====== Records for this task

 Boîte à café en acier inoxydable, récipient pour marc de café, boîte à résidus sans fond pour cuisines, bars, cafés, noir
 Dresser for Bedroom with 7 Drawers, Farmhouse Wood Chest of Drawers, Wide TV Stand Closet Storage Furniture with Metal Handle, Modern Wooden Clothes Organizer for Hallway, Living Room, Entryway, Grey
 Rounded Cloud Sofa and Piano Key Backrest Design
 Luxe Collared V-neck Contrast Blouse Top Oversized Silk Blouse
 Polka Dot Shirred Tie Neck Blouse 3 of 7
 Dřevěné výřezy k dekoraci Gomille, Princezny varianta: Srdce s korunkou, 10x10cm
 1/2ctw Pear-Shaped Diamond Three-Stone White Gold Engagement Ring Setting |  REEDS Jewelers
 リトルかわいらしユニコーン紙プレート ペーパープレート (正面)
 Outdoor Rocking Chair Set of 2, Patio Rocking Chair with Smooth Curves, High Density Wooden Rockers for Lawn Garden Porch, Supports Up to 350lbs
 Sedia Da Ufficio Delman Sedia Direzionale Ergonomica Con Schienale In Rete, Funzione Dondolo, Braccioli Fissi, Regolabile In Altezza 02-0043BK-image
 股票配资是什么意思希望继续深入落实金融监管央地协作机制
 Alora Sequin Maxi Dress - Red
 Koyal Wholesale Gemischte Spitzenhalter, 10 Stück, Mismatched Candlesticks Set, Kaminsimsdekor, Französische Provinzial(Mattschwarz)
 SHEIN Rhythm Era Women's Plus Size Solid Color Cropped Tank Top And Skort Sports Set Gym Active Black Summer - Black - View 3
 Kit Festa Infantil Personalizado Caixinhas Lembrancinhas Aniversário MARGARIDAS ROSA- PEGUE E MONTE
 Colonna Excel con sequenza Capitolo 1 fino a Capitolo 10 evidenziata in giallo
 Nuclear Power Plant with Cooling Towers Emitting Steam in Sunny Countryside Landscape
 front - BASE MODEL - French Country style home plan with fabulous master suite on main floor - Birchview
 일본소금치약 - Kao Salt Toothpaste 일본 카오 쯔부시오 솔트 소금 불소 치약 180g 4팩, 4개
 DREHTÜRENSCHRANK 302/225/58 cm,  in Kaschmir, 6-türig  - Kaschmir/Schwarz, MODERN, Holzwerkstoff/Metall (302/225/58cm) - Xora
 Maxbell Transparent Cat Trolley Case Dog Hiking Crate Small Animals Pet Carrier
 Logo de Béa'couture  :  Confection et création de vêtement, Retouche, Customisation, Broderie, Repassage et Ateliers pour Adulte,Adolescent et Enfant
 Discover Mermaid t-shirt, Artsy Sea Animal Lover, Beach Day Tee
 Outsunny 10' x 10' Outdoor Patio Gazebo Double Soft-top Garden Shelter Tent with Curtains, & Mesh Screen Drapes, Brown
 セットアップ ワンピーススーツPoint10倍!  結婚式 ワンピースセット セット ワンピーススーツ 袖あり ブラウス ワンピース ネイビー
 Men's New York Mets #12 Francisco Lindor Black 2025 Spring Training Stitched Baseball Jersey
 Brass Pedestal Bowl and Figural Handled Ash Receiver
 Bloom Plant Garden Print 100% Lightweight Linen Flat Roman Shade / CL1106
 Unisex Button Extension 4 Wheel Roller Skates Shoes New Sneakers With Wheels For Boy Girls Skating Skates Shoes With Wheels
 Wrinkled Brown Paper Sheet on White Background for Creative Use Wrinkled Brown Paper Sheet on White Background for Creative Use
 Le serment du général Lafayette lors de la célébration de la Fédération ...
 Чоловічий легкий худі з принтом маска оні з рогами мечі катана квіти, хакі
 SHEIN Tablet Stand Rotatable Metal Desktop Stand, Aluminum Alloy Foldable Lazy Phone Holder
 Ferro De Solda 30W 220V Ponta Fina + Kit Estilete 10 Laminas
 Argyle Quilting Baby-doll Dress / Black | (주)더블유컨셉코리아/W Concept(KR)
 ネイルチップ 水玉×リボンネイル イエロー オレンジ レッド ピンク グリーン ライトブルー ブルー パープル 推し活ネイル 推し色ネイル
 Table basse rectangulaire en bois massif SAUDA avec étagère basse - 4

============

* _Problem to solve_
What is wanted is an exact repeat of the lines from the one with "Argyle Quilting Baby-doll" through the last line of the listing above, and no other text.

* _Response to the task_
 Argyle Quilting Baby-doll Dress / Black | (주)더블유컨셉코리아/W Concept(KR)
 ネイルチップ 水玉×リボンネイル イエロー オレンジ レッド ピンク グリーン ライトブルー ブルー パープル 推し活ネイル 推し色ネイル
 Table basse rectangulaire en bois massif SAUDA avec étagère basse - 4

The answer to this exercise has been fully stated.